» Recorded data:

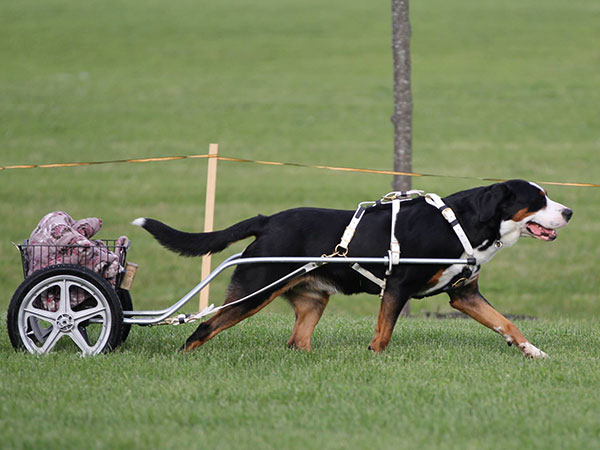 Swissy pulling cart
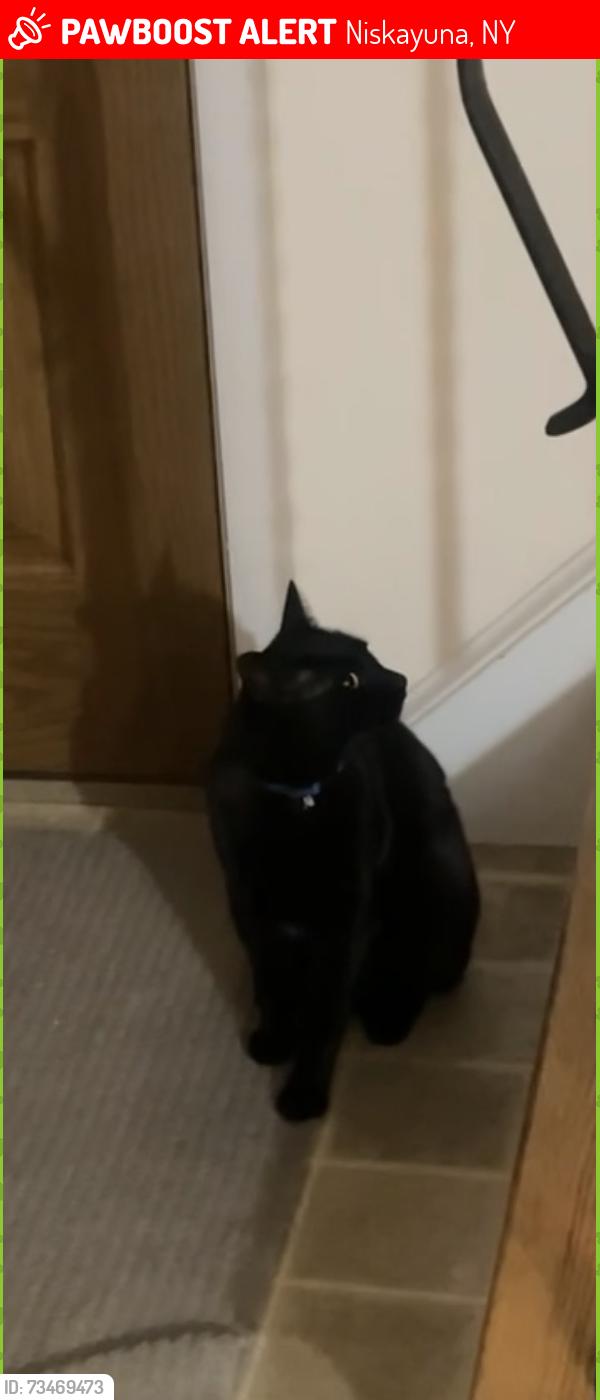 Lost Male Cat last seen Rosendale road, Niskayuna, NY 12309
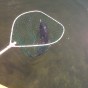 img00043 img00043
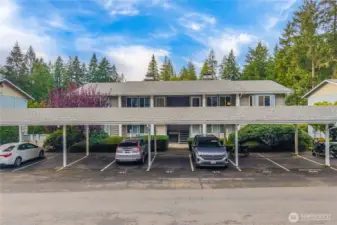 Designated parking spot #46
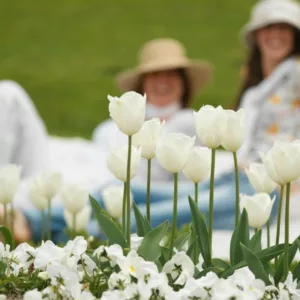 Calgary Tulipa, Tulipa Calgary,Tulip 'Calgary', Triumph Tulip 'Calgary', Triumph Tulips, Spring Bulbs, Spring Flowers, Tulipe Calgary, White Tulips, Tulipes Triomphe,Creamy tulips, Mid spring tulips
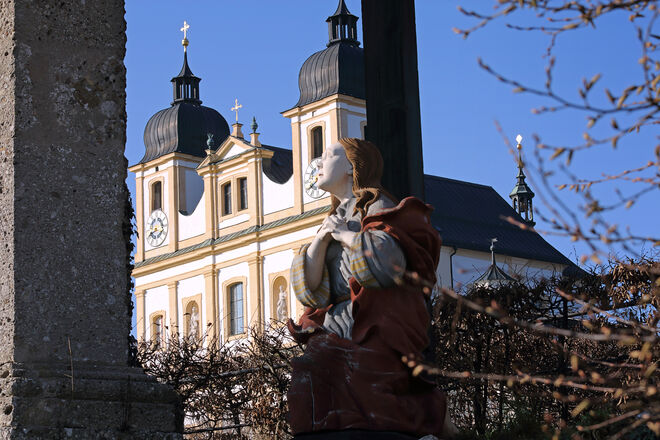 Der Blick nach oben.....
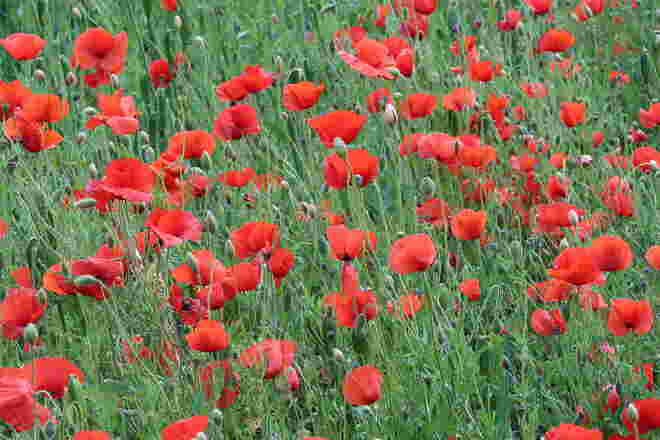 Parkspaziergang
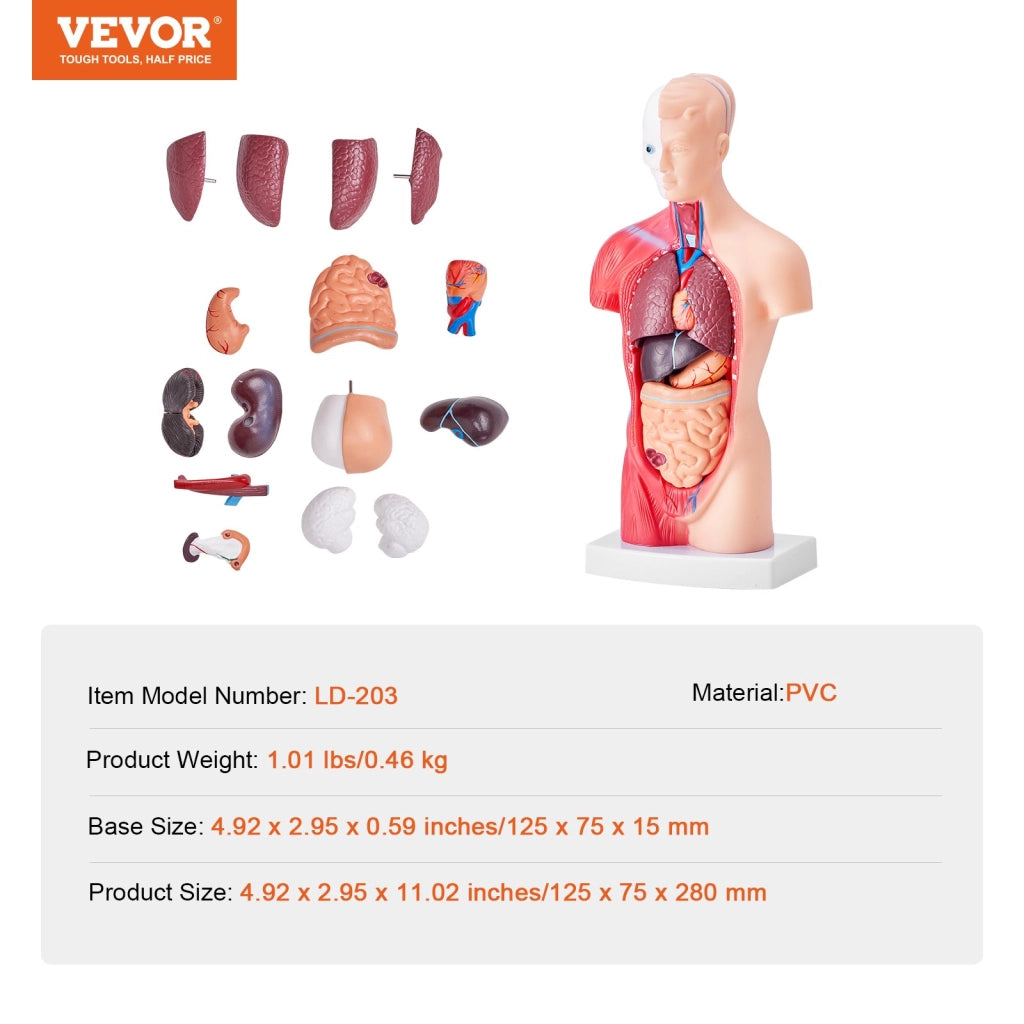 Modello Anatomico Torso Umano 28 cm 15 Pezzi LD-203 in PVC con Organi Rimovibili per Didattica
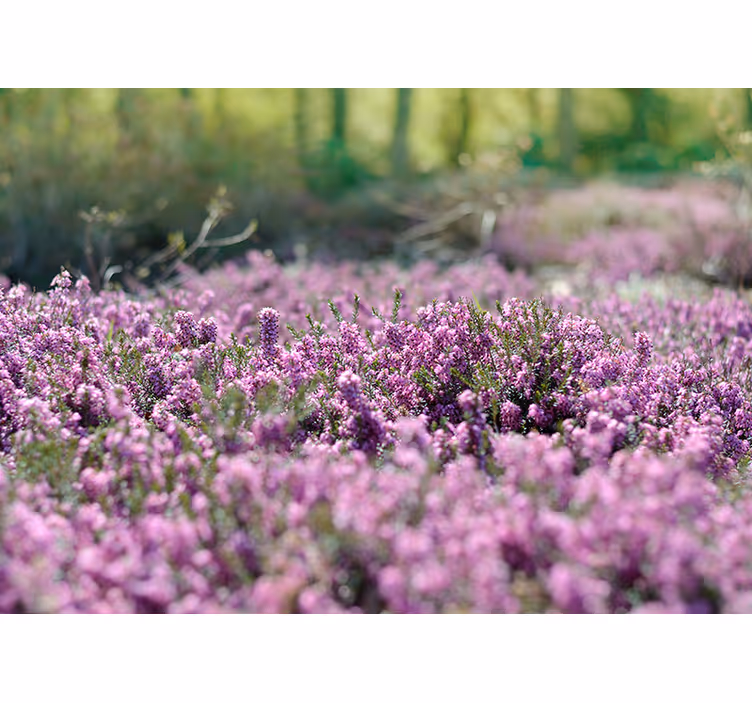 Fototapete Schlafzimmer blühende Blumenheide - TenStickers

» Problem description: Output, exactly and only, the lines beginning with the one that contains "Lost Male Cat" and ending at the last line of the records above. Drop the pictures.

» Task result:
 Lost Male Cat last seen Rosendale road, Niskayuna, NY 12309
 img00043 img00043
 Designated parking spot #46
 Calgary Tulipa, Tulipa Calgary,Tulip 'Calgary', Triumph Tulip 'Calgary', Triumph Tulips, Spring Bulbs, Spring Flowers, Tulipe Calgary, White Tulips, Tulipes Triomphe,Creamy tulips, Mid spring tulips
 Der Blick nach oben.....
 Parkspaziergang
 Modello Anatomico Torso Umano 28 cm 15 Pezzi LD-203 in PVC con Organi Rimovibili per Didattica
 Fototapete Schlafzimmer blühende Blumenheide - TenStickers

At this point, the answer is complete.